Records contained in a dataset:
---------------

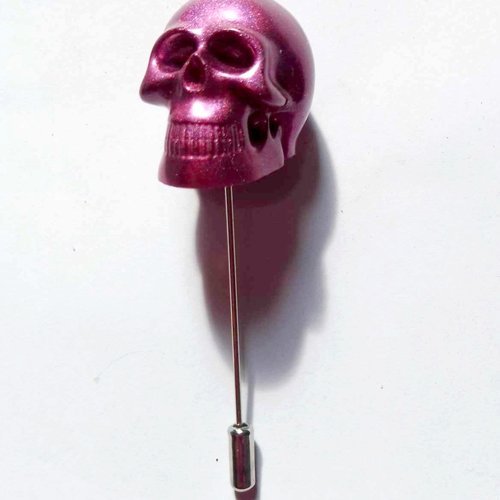 Fibule tête de mort, en résine fait main, fushia irisé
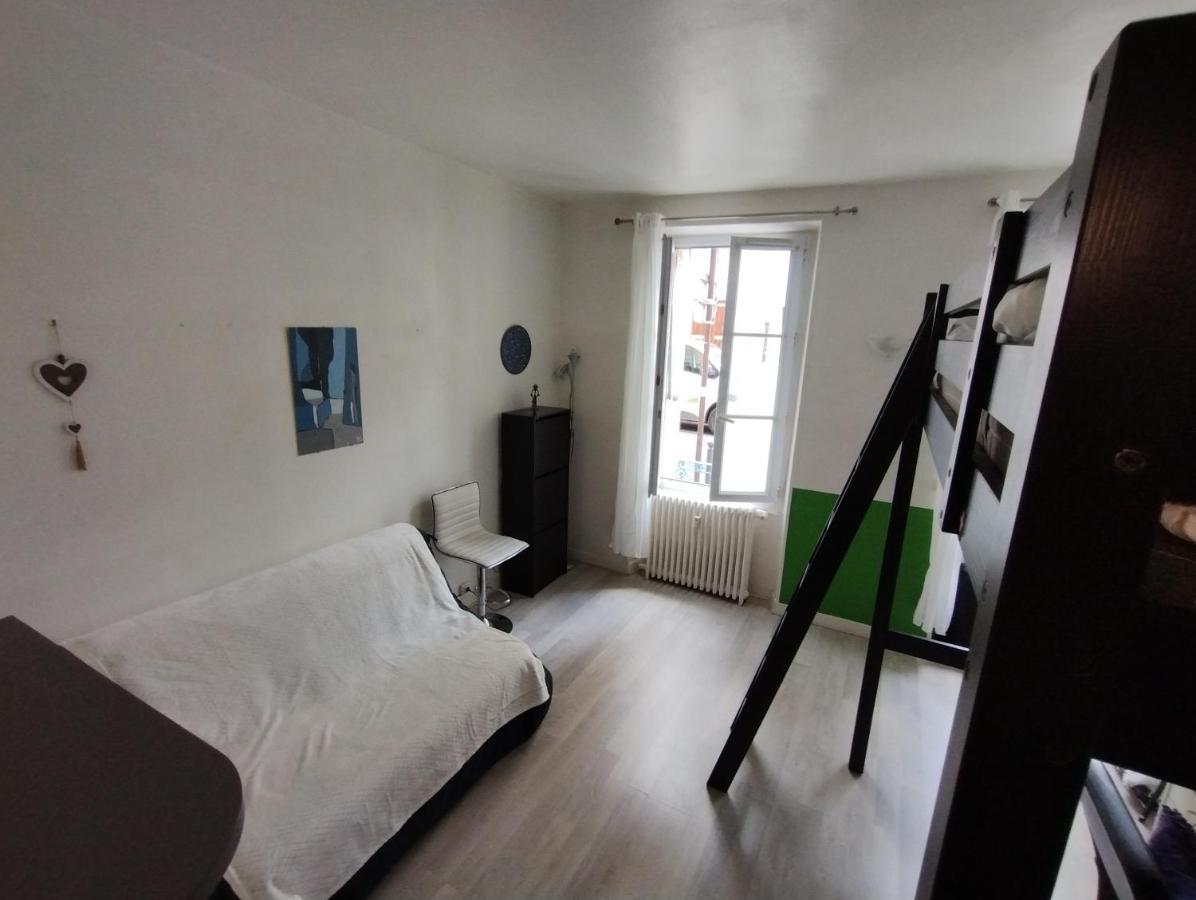 Living At * Parigi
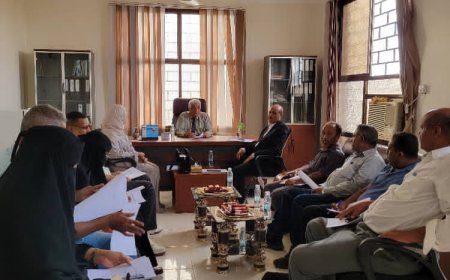 مركز التطوير الاكاديمي وضمان الجودة بجامعة لحج يعقد أجتماعه الخاص  بالإعداد والتحضير لإقامة فعاليات أسبوع الجودة بالجامعة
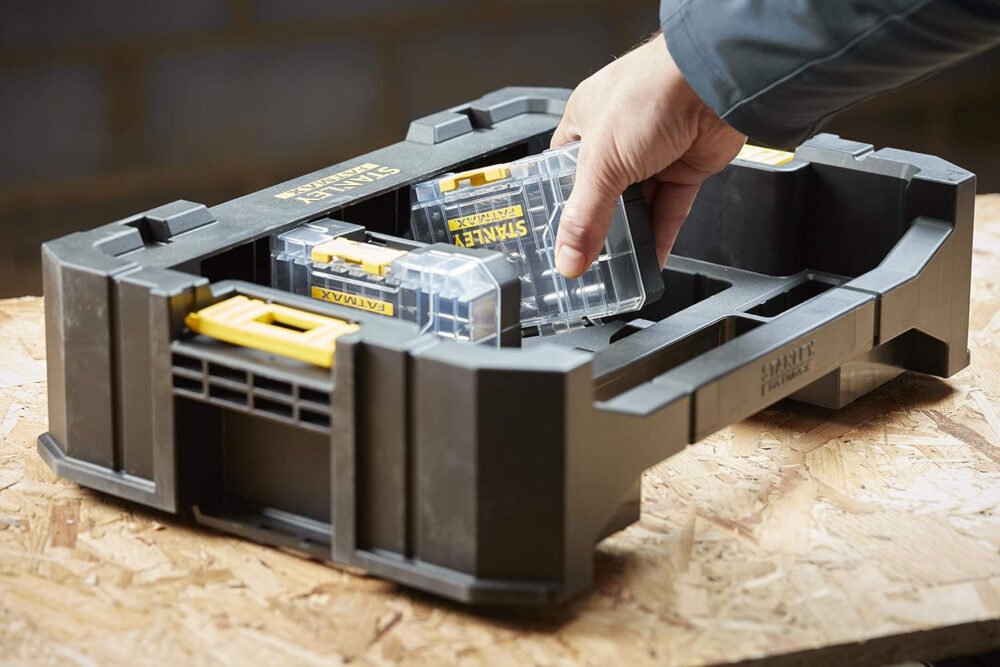 STANLEY FATMAX Torsion Screwdriver Drilling Bit Set Includes a Small ToughCase and Shaker Box Compatible with Pro-Stack and TSTAK (32 Pieces) STA88557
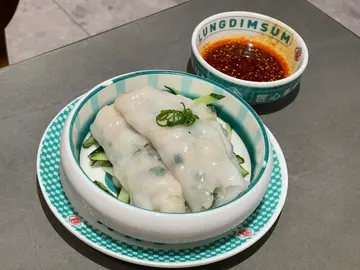 Steamed Rice Roll with Sole Fillet in Sichuan Sauce ロ水汁龍利魚腸粉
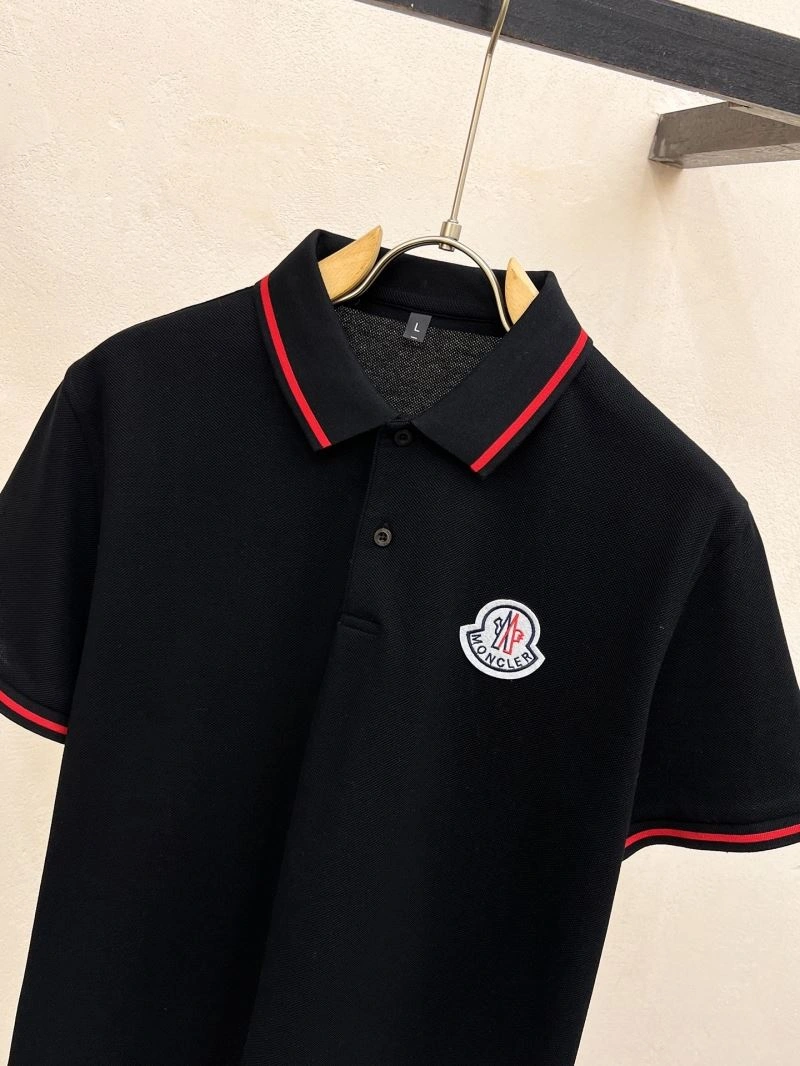 Moncler T-Shirts Resilient 142222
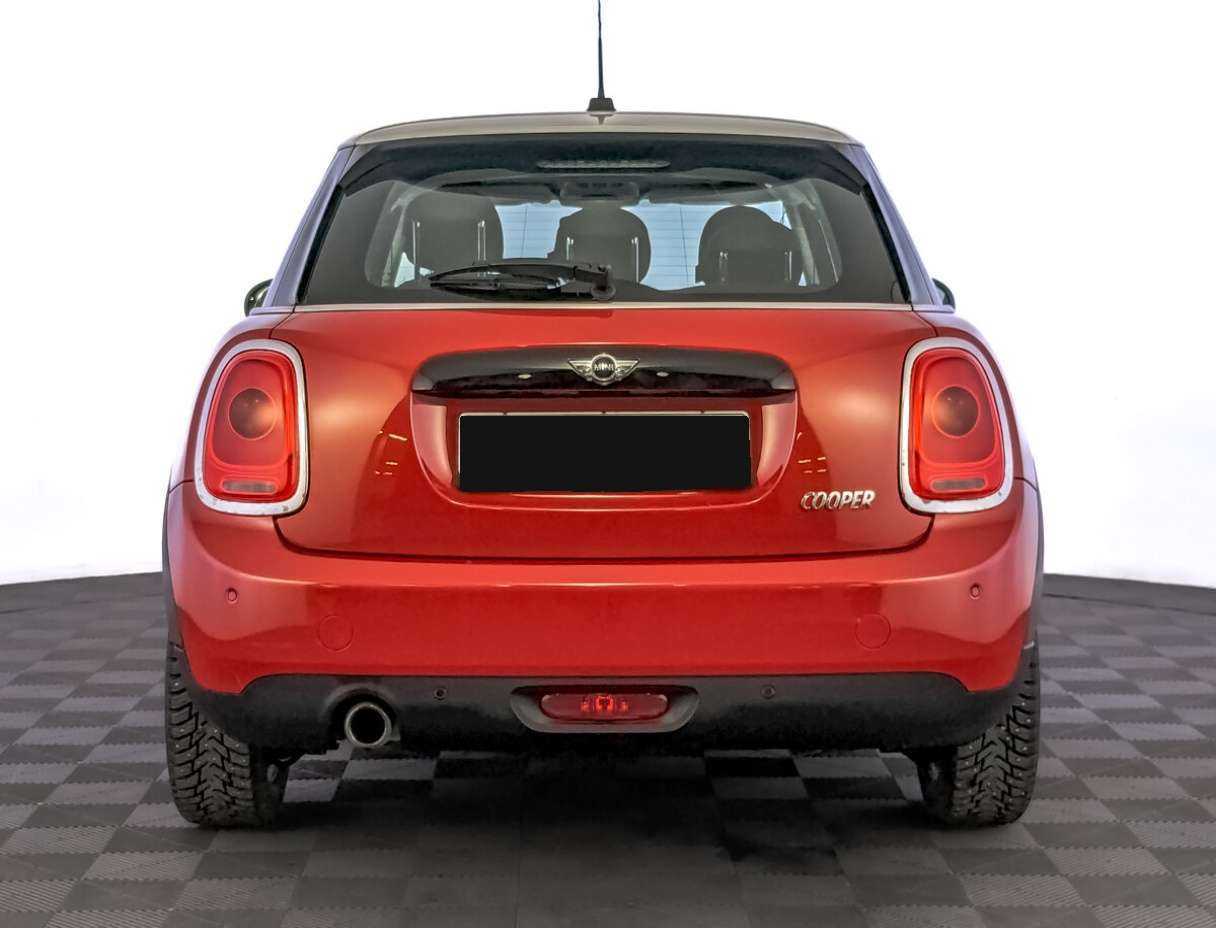 Mini Hatch с пробегом — 2017 год. Фото: #5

---------------

Copy every entry word for word, but omit the pictures.

* Your solution:
 Fibule tête de mort, en résine fait main, fushia irisé
 Living At * Parigi
 مركز التطوير الاكاديمي وضمان الجودة بجامعة لحج يعقد أجتماعه الخاص  بالإعداد والتحضير لإقامة فعاليات أسبوع الجودة بالجامعة
 STANLEY FATMAX Torsion Screwdriver Drilling Bit Set Includes a Small ToughCase and Shaker Box Compatible with Pro-Stack and TSTAK (32 Pieces) STA88557
 Steamed Rice Roll with Sole Fillet in Sichuan Sauce ロ水汁龍利魚腸粉
 Moncler T-Shirts Resilient 142222
 Mini Hatch с пробегом — 2017 год. Фото: #5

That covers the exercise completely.